Uhl and Grow (SEE ARTICLE) have used estimates of the economic impact of prominent neuropsychiatric disorders in the United States, overall heritabilities, and single-gene inheritance to calculate the effect of complex genetics in psychiatry and neurology. The large effect of oligogenic and polygenic inherited influences motivates efforts to identify the gene variants involved for better prevention and treatment.
Palmer et al (SEE ARTICLE) evaluated treatment-related decisional capacity among middle-aged and older patients with schizophrenia. Overall, patients with schizophrenia showed less understanding of treatment disclosures than healthy subjects. However, there was also considerable heterogeneity in decisional capacity among patients. Decisional capacity in patients with schizophrenia was predicted not by demographic characteristics or severity of psychopathology but by neuropsychological performance. Consideration of cognitive functions may be more relevant to patients' decisional capacity than demographics or psychopathology.
Van der Stelt et al (SEE ARTICLE) assessed event-related brain potentials (ERPs) in patients with schizophrenia and healthy subjects. Patients with schizophrenia displayed deficits in the P3 component but not in earlier-occurring sensory-evoked or cognitive-related ERP components. These findings suggest that high-level attention-dependent cognitive deficits central to schizophrenia do not originate from preceding deficits at lower levels of information processing.
Wade et al (SEE ARTICLE) used opposite-sex and same-sex dizygotic twins to examine associations with bulimia nervosa (BN) status in one twin with psychopathology in the co-twin. Familial or nonfamilial shared risk factors existed between BN and generalized anxiety disorder, neuroticism, psychoactive substance use, novelty seeking, major depression, and panic disorder. The shared risk factors between BN and general anxiety disorder and novelty seeking are only present in men, suggesting a familial, sex-specific manifestation.
Nelson et al (SEE ARTICLE) examined the genetic epidemiology of alcohol-induced blackouts in a young adult Australian twin panel. They found the heritability of lifetime blackouts to be 53% and of having 3 or more blackouts in a year to be 58%. Models that controlled for respondents' frequency of intoxication found evidence for a significant shared genetic contribution unique to risk for blackouts.
In the treatment of cocaine dependence, no effective pharmacological intervention has been identified. Carroll et al (SEE ARTICLE) conducted a randomized, placebo controlled, double-blind trial comparing disulfiram with a placebo and cognitive behavioral therapy with interpersonal therapy. Results suggested that disulfiram and cognitive behavioral therapy are effective therapies for cocaine-dependent individuals and that disulfiram may exert a direct effect on cocaine use rather than through reducing concurrent alcohol use.

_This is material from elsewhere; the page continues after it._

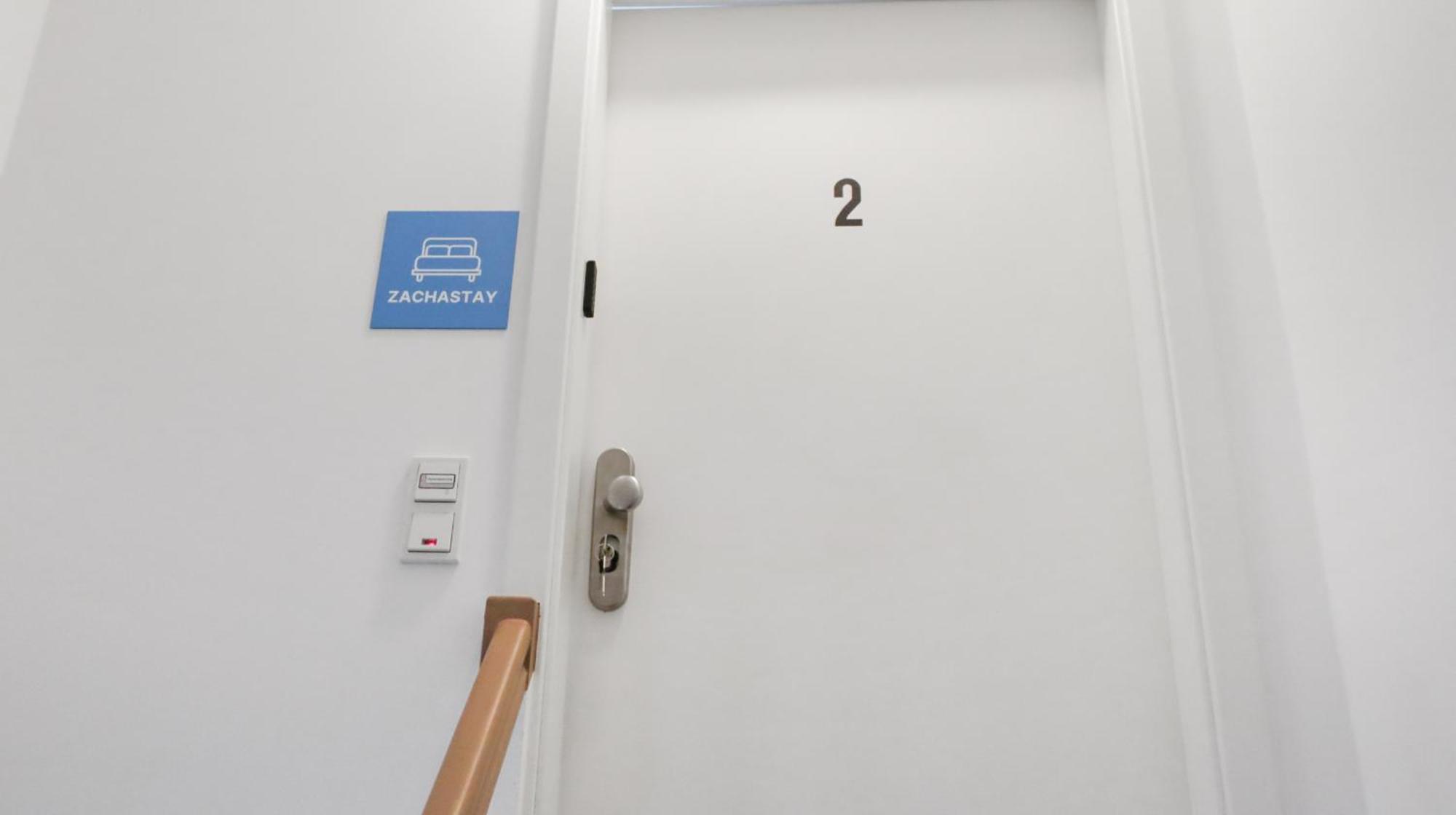 Moderne Wohnung - Naehe Messe / Flughafen Lohmar Eksteriør billede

Weissman et al (SEE ARTICLE) follow up findings from their genetic linkage study that suggested a possible panic disorder (PD) syndrome, including bladder problems, thyroid disorders, chronic headaches and migraine, and mitral valve prolapse. Patients with interstitial cystitis diagnosed by urodynamics or cystoscopy as compared with control subjects had higher rates of PD and most of the other syndrome conditions as did their first-degree relatives. The possibility of a familial pleiotropic syndrome that may include interstitial cystitis and PD deserves further investigation.
Children with fragile X (fraX) suffer from impaired social functioning, which often includes eye gaze aversion. Garrett et al (SEE ARTICLE) used functional magnetic resonance imaging to determine whether individuals with fraX show aberrant brain activation in response to eye gaze and face stimuli. Individuals with fraX had decreased activation of the superior temporal sulcus compared with control subjects, indicating deficits in the perception of eye gaze. Subjects with fraX also lacked specificity of fusiform gyrus activation to face orientation, suggesting an absence of the normal preference for forward faces rather than angled faces.
In a 2-site neuroimaging study, Lotspeich et al (SEE ARTICLE) assessed possible neuroanatomical differences between Asperger disorder and autism to determine whether these conditions align themselves along a severity continuum or constitute distinct biological entities. Cerebral gray tissue volume findings suggest that Asperger disorder is at one end of the autism spectrum. However, exploratory assessments of brain-IQ relationships indicate neurodevelopmental differences between Asperger disorder and high-functioning autism.
Previous studies have provided evidence that bipolar disorder is associated with abnormalities of mitochondrial function, resulting in abnormal energy metabolism. Konradi et al (SEE ARTICLE) examined messenger RNA expression in the hippocampus of patients with bipolar disorder and schizophrenia using microarray technology. They found evidence for relatively specific decreased expression of genes regulating mitochondrial function in support of the hypothesis of abnormal energy metabolism in bipolar disorder.
Gueorguieva and Krystal (SEE ARTICLE) review methods for analysis of repeated measures data, illustrate the advantages of mixed-effect models, and assess the extent of the shift from traditional to mixed-effect approaches in published reports in the ARCHIVES.